_What you are asked to do_:
The pictures in the listing below are to be skipped, while the lines between the line holding "Foto: EFE En" and the line holding "Vypínače, zásuvky, kryty vypinace - 9", inclusive, are to be output exactly.

_The data_:
↓↓↓
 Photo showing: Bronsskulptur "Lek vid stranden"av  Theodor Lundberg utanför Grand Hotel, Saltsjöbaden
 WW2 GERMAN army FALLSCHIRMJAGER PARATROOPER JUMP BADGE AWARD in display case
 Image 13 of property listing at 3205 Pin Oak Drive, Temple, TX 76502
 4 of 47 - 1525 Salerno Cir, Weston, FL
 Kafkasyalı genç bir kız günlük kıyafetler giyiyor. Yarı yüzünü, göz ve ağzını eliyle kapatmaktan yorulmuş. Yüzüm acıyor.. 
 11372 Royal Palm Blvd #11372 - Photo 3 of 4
↑↑↑
↓↓↓
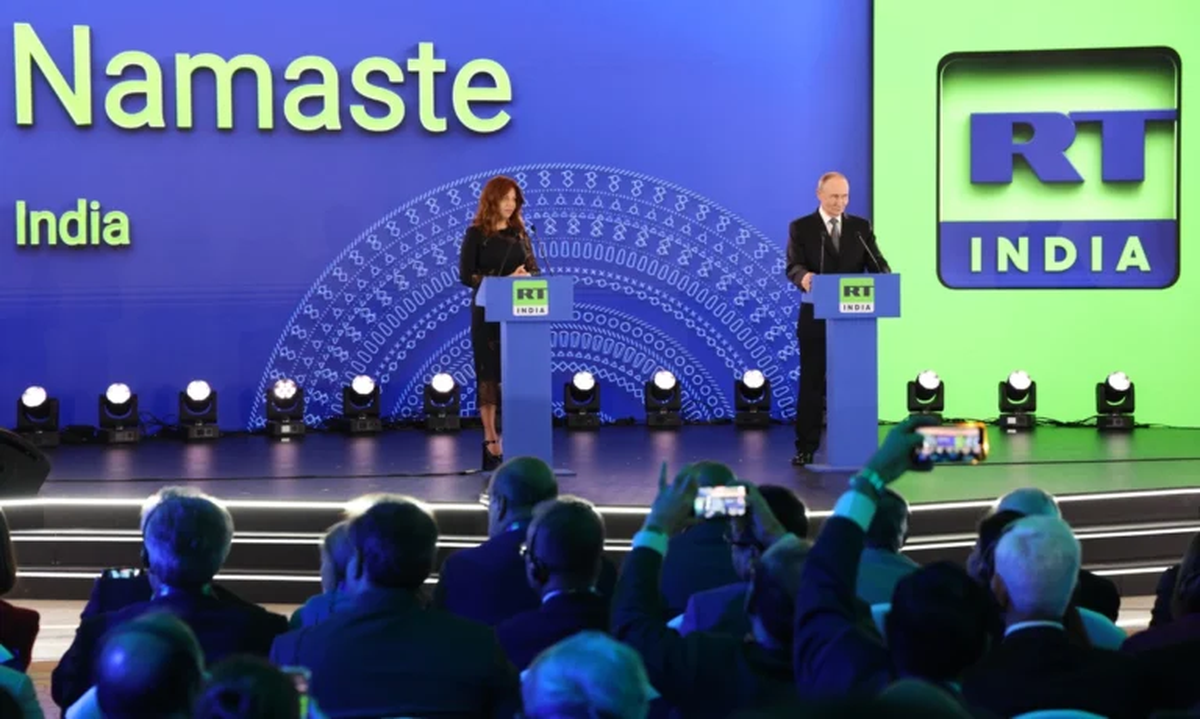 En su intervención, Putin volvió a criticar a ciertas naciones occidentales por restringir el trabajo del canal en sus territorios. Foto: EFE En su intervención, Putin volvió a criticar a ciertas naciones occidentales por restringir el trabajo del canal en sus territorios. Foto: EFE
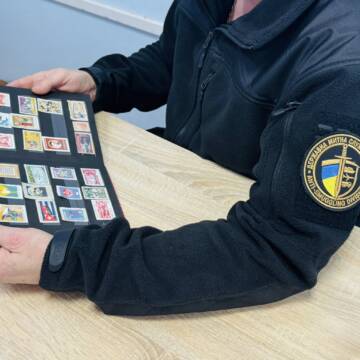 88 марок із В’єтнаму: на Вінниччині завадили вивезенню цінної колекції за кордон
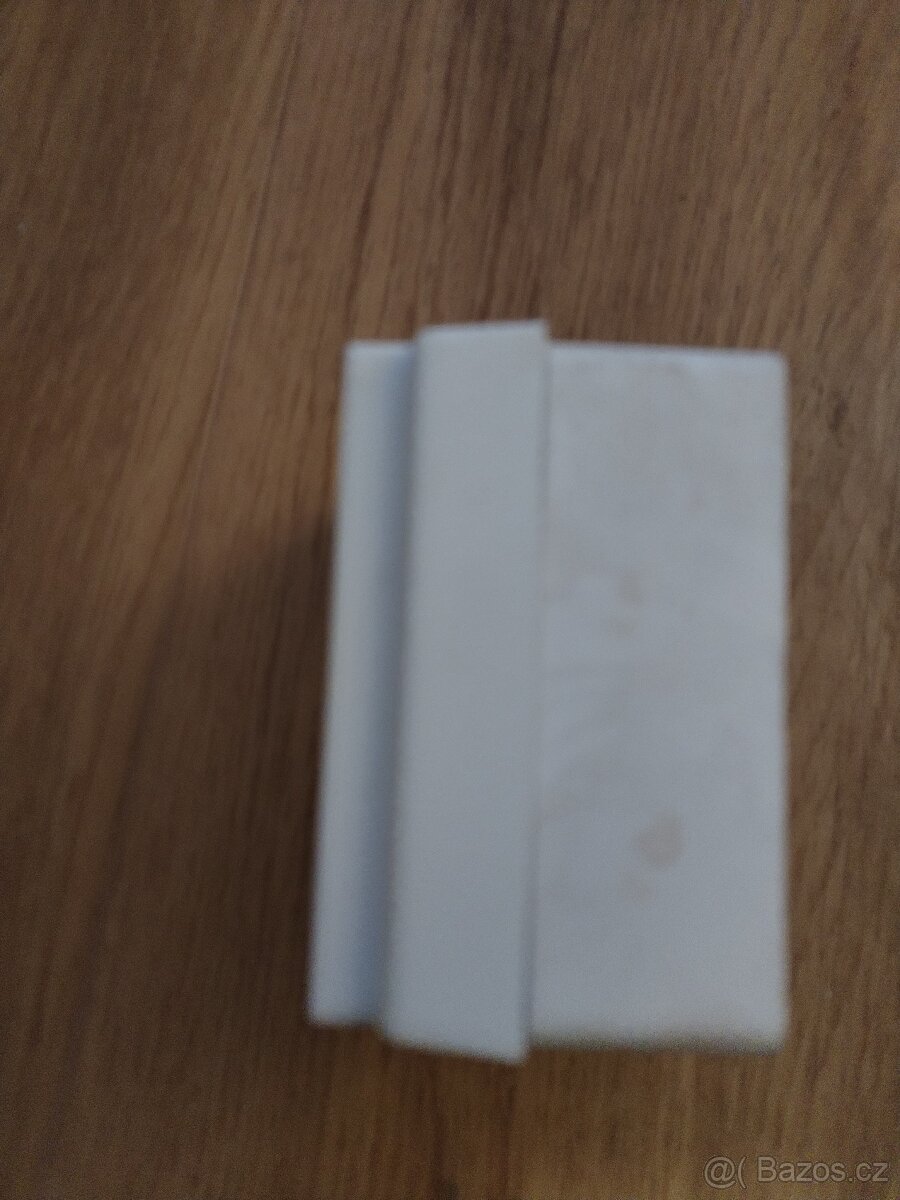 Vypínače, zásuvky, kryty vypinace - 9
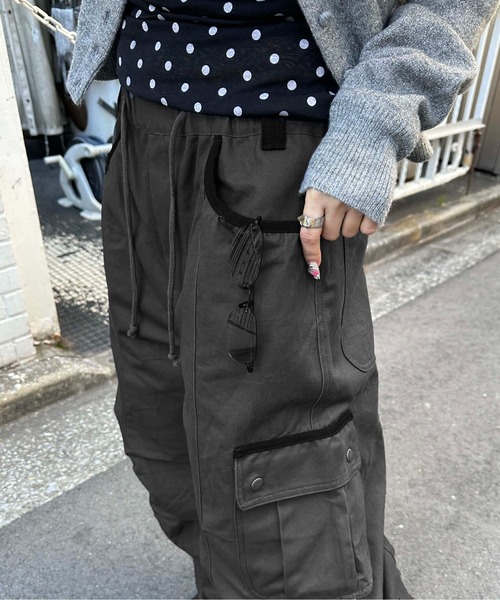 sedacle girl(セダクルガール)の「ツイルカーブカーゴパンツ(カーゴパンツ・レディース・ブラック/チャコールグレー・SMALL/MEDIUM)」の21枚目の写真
↑↑↑
↓↓↓
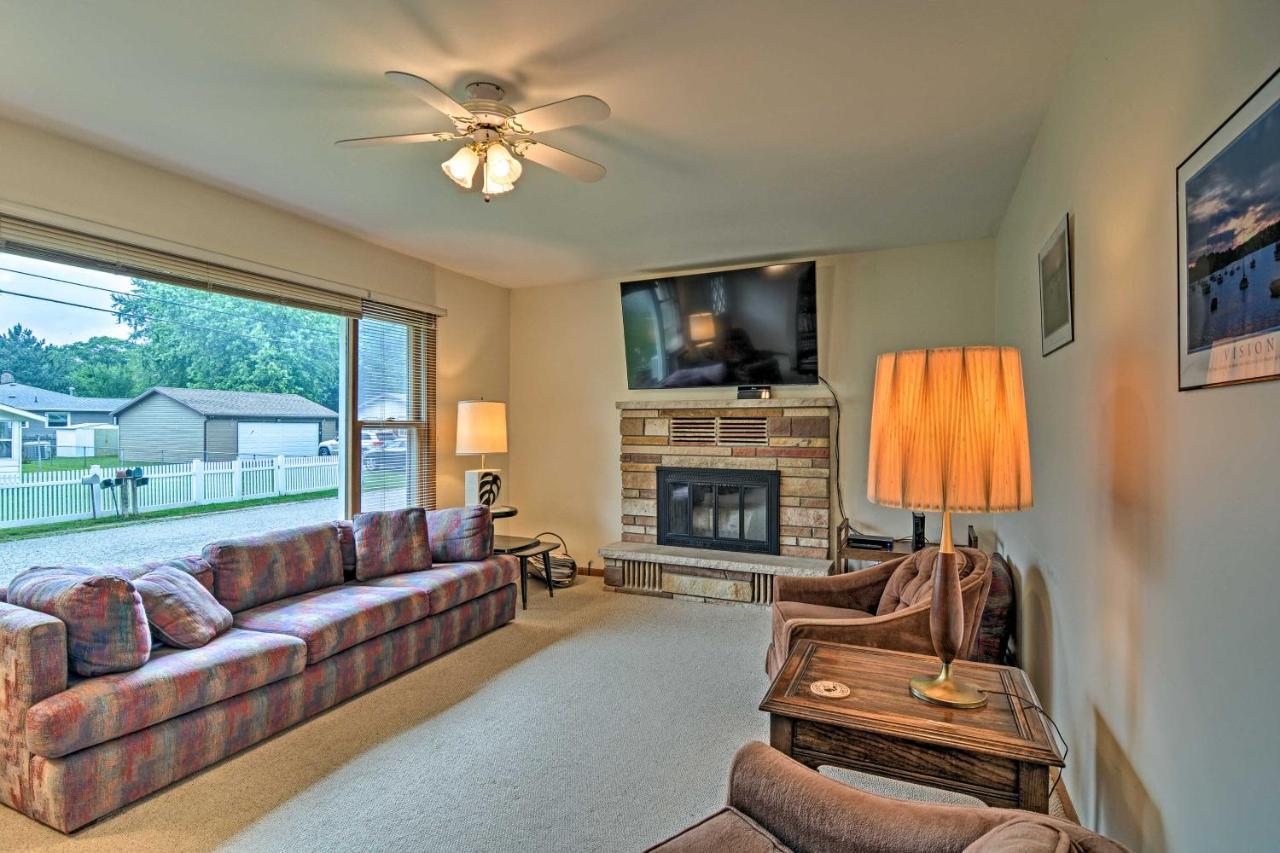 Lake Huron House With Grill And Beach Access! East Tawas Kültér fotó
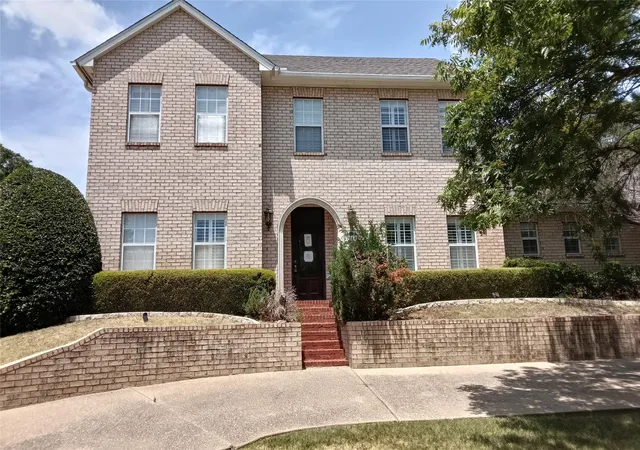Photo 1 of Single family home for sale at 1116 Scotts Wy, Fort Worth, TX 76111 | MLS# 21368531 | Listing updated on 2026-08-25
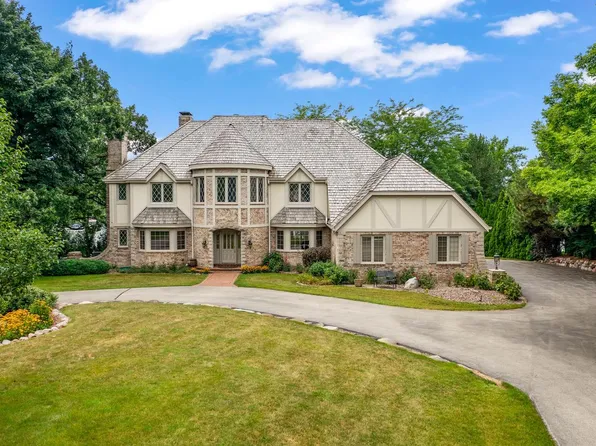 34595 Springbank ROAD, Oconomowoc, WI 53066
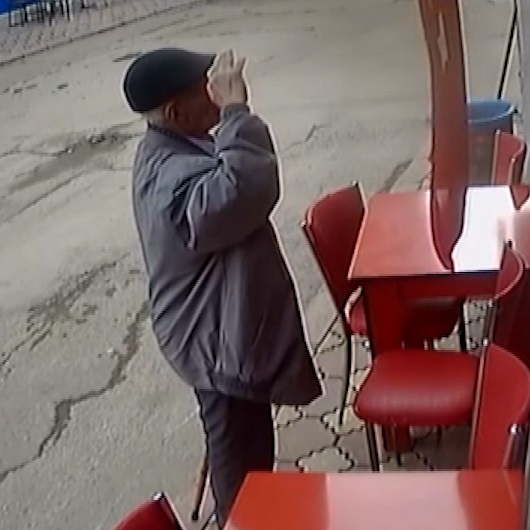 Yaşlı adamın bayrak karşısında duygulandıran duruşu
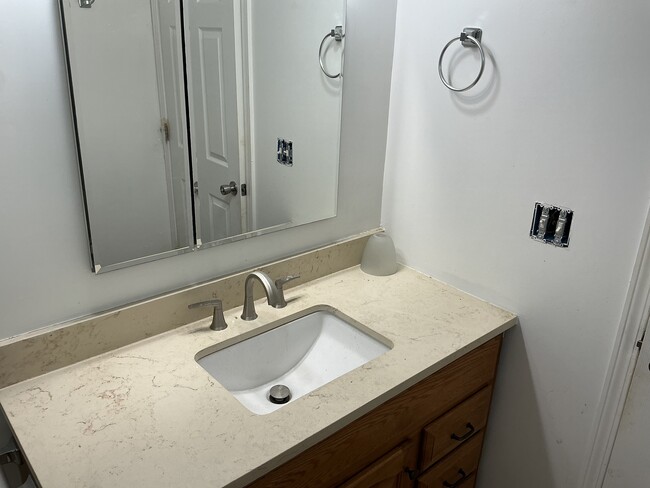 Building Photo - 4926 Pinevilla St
↑↑↑
_Result of the task_:
 En su intervención, Putin volvió a criticar a ciertas naciones occidentales por restringir el trabajo del canal en sus territorios. Foto: EFE En su intervención, Putin volvió a criticar a ciertas naciones occidentales por restringir el trabajo del canal en sus territorios. Foto: EFE
 88 марок із В’єтнаму: на Вінниччині завадили вивезенню цінної колекції за кордон
 Vypínače, zásuvky, kryty vypinace - 9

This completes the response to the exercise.